My daughters loved paperdolls but my grandchildren don't- 
I played for hours with them. Thanks for sharing.


----------



## Tallie9

I've never really been a fan of plastic canvas......but I really like your 'paper dolls'...and their clothing....I think any little girl(and some adult ones) would love these....


----------



## jdsanford5

I love these - hope to have granddaughters one day that I can make them for ;-)


----------



## debsu

Adorable!


----------



## Dusti

You know what? This is a great idea for using up all those little balls of yarn I have in large plastic bags, the ones you put your veggies in. I am not a big fan of plastic canvas work either but this is just about the best use I've seen for it, yet! I got to get me some of these patterns. Thanks for posting your wonderful paper dolls...should make you the poster child for plastic canvas work, for sure!


----------



## jschlub

Thanks for all the kind comments about the dolls. I also am not big on plastic canvas, but these dolls really are cute and they are not at all difficult. 

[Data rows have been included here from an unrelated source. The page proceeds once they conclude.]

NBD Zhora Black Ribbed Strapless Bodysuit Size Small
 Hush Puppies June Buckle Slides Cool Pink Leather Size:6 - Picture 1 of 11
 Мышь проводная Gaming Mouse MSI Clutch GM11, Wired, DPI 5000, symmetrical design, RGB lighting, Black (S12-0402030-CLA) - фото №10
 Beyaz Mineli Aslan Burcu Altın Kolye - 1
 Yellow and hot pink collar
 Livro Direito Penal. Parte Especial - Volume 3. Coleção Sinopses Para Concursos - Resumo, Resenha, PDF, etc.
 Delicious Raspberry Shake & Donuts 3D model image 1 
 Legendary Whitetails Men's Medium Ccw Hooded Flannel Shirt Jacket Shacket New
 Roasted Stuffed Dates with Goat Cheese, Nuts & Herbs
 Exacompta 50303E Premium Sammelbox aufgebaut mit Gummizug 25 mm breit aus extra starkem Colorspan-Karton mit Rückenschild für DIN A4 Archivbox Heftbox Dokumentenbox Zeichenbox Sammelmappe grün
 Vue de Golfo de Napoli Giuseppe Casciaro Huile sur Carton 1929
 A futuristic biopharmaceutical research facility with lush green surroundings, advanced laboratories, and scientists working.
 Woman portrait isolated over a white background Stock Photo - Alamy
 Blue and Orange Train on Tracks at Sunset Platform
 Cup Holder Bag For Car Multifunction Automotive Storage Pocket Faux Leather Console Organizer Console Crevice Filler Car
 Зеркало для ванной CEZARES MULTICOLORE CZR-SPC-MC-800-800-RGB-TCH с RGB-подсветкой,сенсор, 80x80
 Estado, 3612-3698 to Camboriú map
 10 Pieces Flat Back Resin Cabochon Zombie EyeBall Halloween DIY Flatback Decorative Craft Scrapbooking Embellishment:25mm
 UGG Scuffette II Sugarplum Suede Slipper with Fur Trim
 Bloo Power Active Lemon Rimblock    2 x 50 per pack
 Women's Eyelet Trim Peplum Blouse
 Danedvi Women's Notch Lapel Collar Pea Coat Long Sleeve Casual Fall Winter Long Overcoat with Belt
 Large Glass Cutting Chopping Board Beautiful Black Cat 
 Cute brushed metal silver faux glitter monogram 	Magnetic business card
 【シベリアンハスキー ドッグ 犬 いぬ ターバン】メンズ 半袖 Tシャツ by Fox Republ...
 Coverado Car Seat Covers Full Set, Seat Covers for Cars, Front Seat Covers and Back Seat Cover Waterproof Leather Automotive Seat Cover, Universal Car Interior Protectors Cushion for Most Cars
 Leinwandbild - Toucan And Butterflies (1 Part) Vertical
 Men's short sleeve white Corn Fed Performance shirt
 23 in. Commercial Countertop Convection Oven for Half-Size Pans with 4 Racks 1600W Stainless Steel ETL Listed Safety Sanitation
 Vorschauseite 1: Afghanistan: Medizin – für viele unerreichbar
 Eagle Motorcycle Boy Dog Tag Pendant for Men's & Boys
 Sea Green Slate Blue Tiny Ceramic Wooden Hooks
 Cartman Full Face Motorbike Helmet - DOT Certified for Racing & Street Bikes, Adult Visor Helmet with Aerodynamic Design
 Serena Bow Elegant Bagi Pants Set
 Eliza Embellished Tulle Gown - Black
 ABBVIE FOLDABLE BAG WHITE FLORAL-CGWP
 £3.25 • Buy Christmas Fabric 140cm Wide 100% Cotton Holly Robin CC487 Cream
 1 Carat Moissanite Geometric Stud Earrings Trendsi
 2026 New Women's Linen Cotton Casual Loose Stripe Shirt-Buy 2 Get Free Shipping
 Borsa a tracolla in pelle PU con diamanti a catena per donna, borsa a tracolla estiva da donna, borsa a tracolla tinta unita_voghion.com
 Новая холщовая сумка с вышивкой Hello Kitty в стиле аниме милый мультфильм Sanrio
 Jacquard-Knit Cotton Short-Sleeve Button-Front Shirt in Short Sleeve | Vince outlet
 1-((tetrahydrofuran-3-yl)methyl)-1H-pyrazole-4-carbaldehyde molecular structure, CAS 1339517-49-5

Herrschner's sells plastic canvas paper doll kits and clothes sets. They are large dolls, but the clothes are very nice.


----------



## NCAknitter

love them


----------



## Toddytoo

I loved playing with paper dolls as a child. I used to make clothes for them and spent many hours 'designing' outfits. Really like the current method used with the plastic canvas - so much more durable. Good job.


----------



## gginastoria

My great-grands aren't interested in dolls of any kind and I couldn't get my granddaughters to play with them either. I made the heavy cardboard ones and tried to engage them in making fabric clothing for them but they soon got bored. I bought dolls and made extensive wardrobes and even a handmade trunk to keep them in and it was returned to me when it didn't get played with. I love your dolls. Do you make them for yourself?


----------



## gginastoria

My great-grands aren't interested in dolls of any kind and I couldn't get my granddaughters to play with them either. I made the heavy cardboard ones and tried to engage them in making fabric clothing for them but they soon got bored. I bought dolls and made extensive wardrobes and even a handmade trunk to keep them in and it was returned to me when it didn't get played with. I love your dolls. Do you make them for yourself?


----------



## krankymax

Beautiful set. How does the clothes stay on? I too got paper dolls when I was 5 or 6 when I had the chicken pox. Loved playing with them.


----------



## jschlub

gginastoria said:


> Do you make them for yourself?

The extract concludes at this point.